Homemakers get help handling difficult clients
Homemakers get help handling difficult clients
When the going gets rough, homemakers stay put
An aide goes into the home of a client who is mentally ill. Soon the client is making paranoid comments and accuses the aide of taking something off his desk. The aide, frightened of the client or of being accused of stealing, refuses to go back to the client’s home. Another aide replaces him, and the cycle begins again.Difficult clients can result in a revolving door of homemakers and eventually in loss of revenue when the dissatisfied clients jump to another private duty agency. One nonprofit, long-term care case management company in Massachusetts had a small number of clients difficult to serve because of a variety of behaviors. Case managers were frustrated by the need to constantly hire new homemakers for this core group — many of whom appeared to have mental illness or substance abuse problems.
"We had one man who never kept a homemaker for more than one visit," says Linda S. George, RN, CNA, MA, CMC, associate director of Boston Senior Home Care. "He probably went through 30 homemakers over the years."
In response to the problem, the agency developed the "Care Extender Model" to train homemakers to work with these difficult clients. The program, which involves Boston Senior Home Care’s vendor agencies, has been so successful it has been adopted statewide.
Boston Senior Home Care is one of 27 agencies that receives a capitated rate to provide services, such as homemaking, laundry, and meals, for low-income frail elders in a state effort to prevent premature institutionalization. The agency serves about 2,000 clients with case management services, and most of its Medicaid-waiver funding comes from the Commonwealth of Massachusetts.
The care extender model sprang from the agency’s efforts to get funds to provide special assistance for these elders with mental health problems. "We thought we should provide more training and information and more money to the actual caregivers to increase their tolerance for the elders and their problems. And it worked."
After the implementation of the program, the client who could never keep a homemaker for more than one visit kept the same homemaker for more than two years before he died. The model worked so well that it was later applied to clients with substance abuse problems, and, more recently, to clients with urinary incontinence.
The components of the model
The basic care extender model depends on a clinical specialist, or expert, to train homemakers and case managers to work more effectively with difficult clients. Boston Senior Home Care contracted with its vendor agencies to supply the experts."It was more appropriate for the vendor to train and supervise them than for us to do it," notes George. "We don’t provide direct services other than case management, and case managers often only see clients two to four times a year."
The agency uses a certified substance abuse counselor to provide training and support services for the substance abuse program and a nurse with special interest and training in incontinence for the urinary incontinence program.

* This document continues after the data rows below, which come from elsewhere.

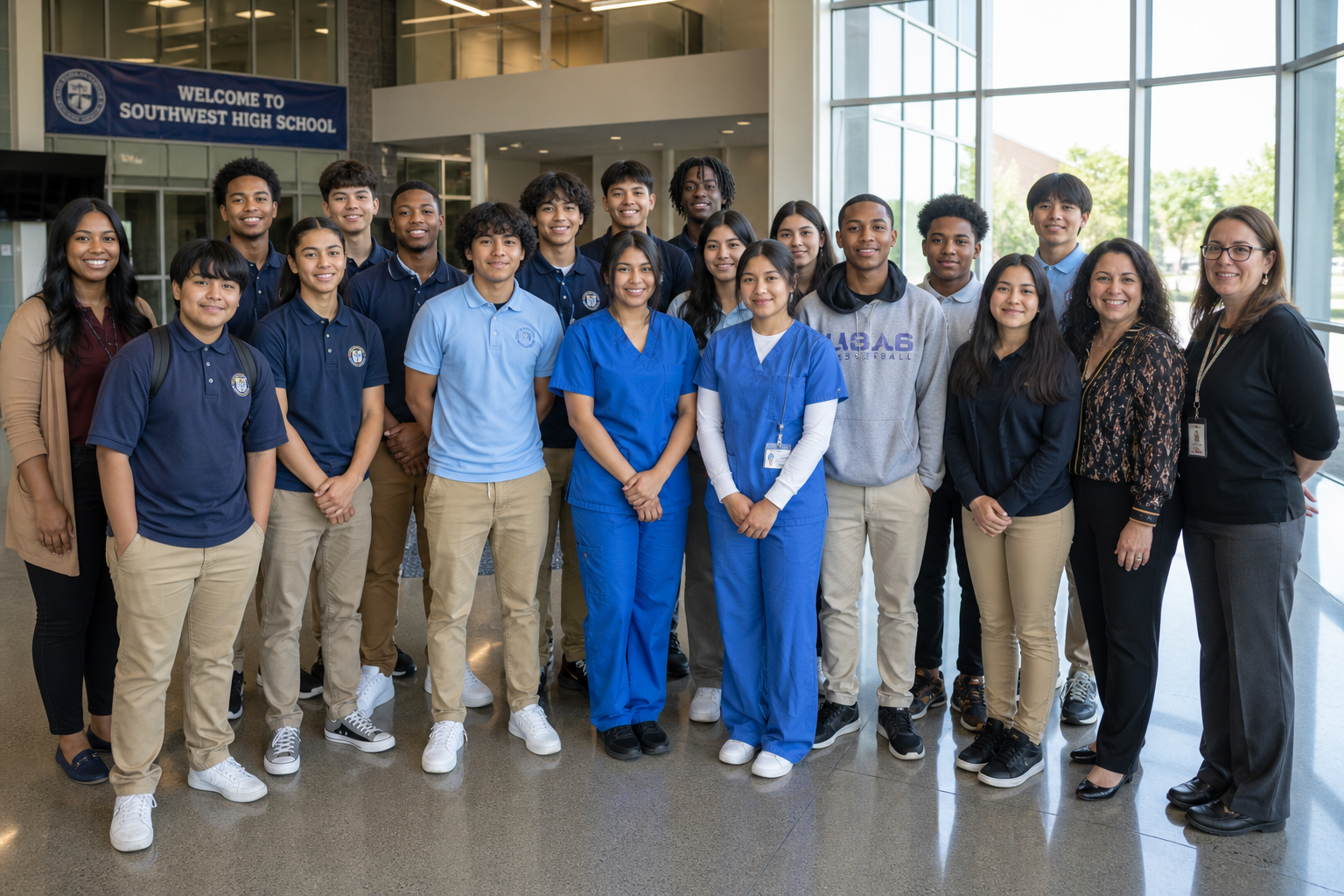 Students and staff gathered in the atrium at C.E. King High School.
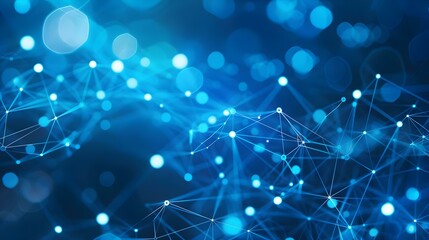 Abstract connected dots and lines on blue background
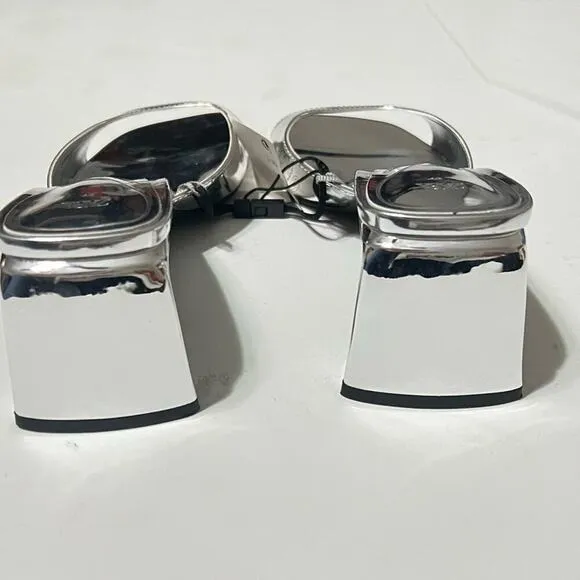 Zara Silver Shiny METALLIC BLOCK HEEL SANDALS Size 6.5 US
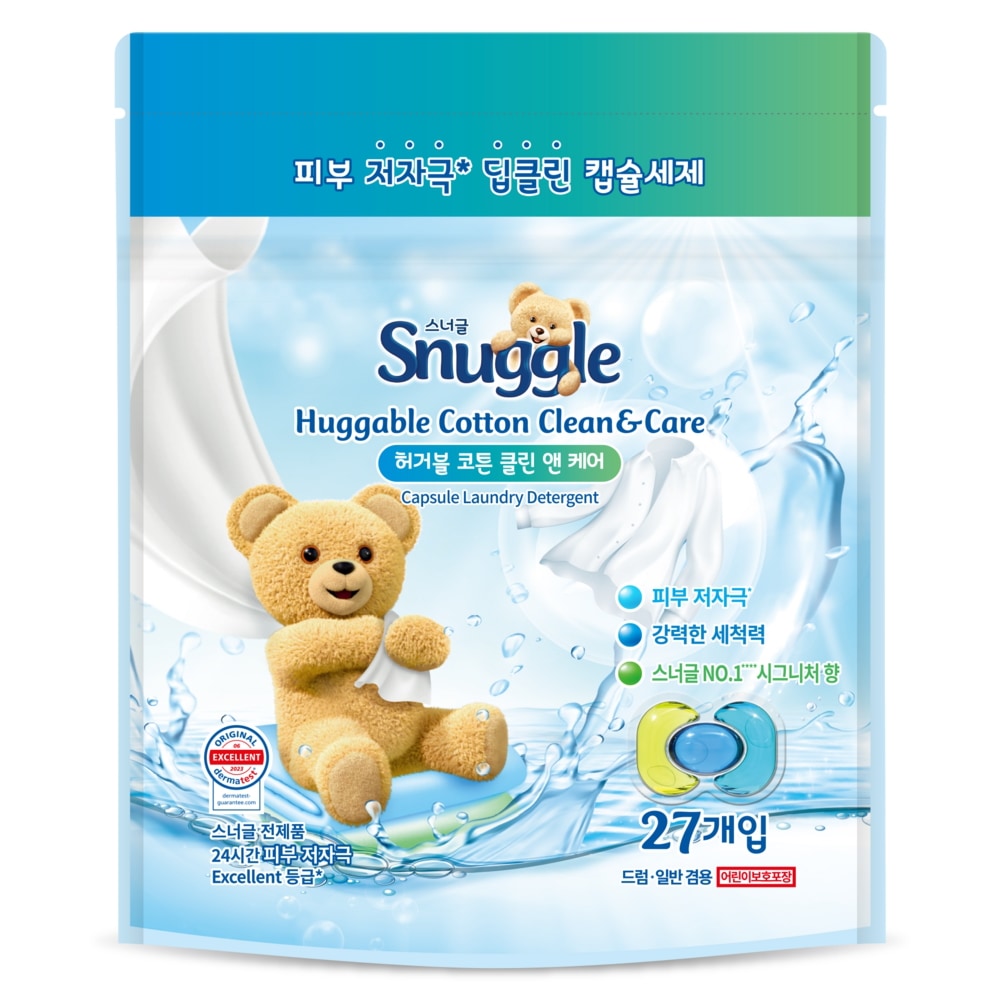 スナッグカプセル洗濯洗剤ハガブルコットンクリーン＆ケア410.4g27個入り1個
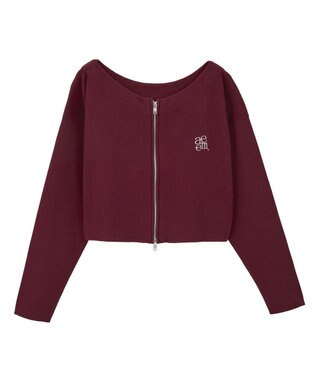 earth music&ecology ダブルジップロゴニットプルオーバー Bordeaux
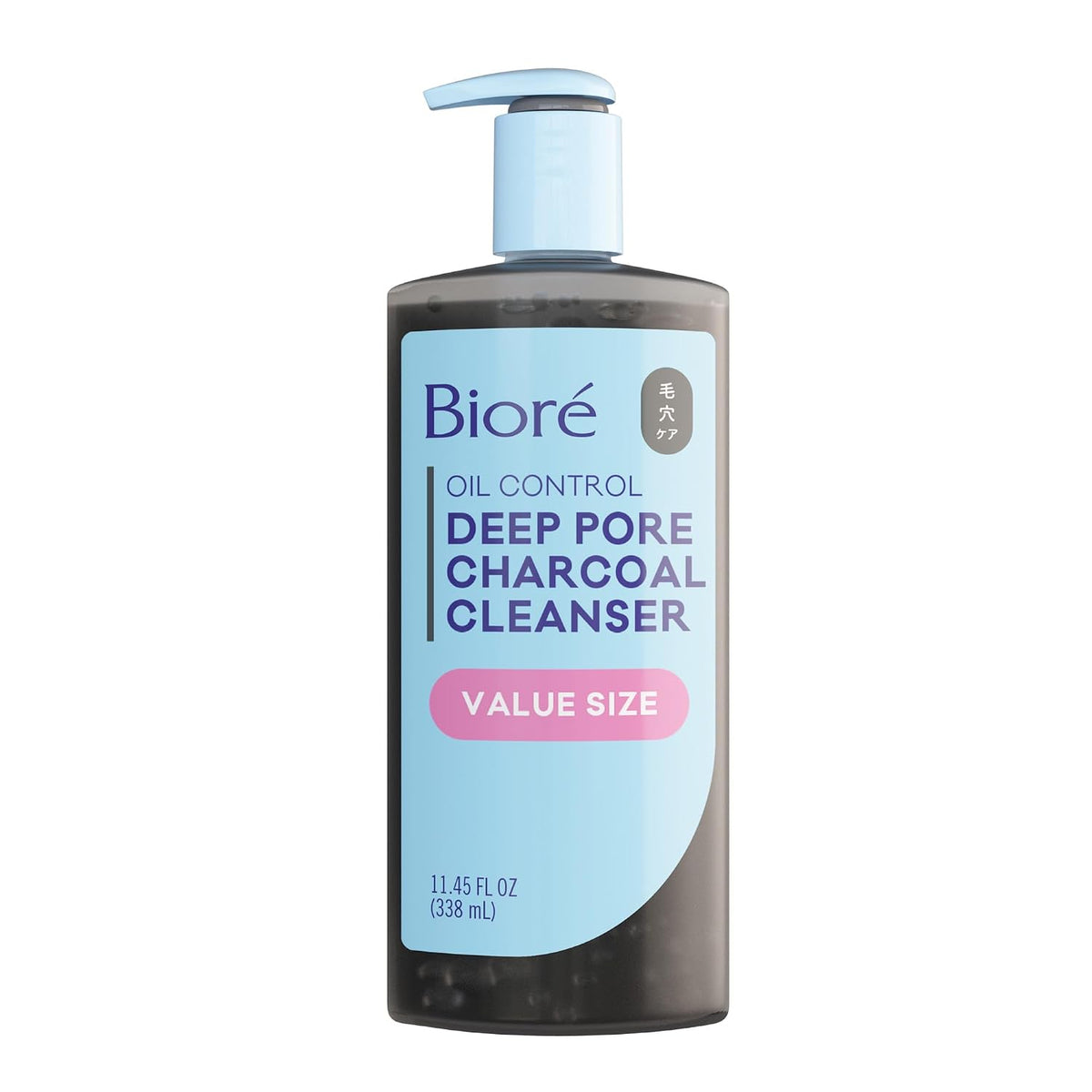 ビオレU Biore Deep Pore Charcoal Face Wash, Daily Facial Cleanser for Dirt & Makeup Removal, for Oily Skin, Value Size, 11.45 Fl Oz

The experts involved in each program provide Boston Senior Home Care with written reports every month and call if there is a problem. (For more information about the training, see p. 67.)
The six components of the care extender model include:
• Case manager and in-home care extender, or homemaker, receive training from an expert about the problem they are addressing and the intervention technique they will be using.
• Case manager performs initial assessment and makes referral.
• Expert performs comprehensive assessment.
• Care extender works with client in his/her home a few hours a week to support the client and to reinforce and extend the effect of the intervention.
• Case manager keeps communication going with the expert, client, and care extender to identify and address problems and acknowledge successes.
• Support groups for care extenders are established.
"The support group, which is led by the expert, was an important addition to the model. Care extenders needed to talk about the problems and challenges they were facing with each other and the expert," says George. "They have to have someone who is their life raft if they get into trouble with the clients."
Boston Senior Home Care considers the Care Extender Model a success. "We have empowered people who were extremely isolated. We’ve given them a second chance by trying a different approach to serving them."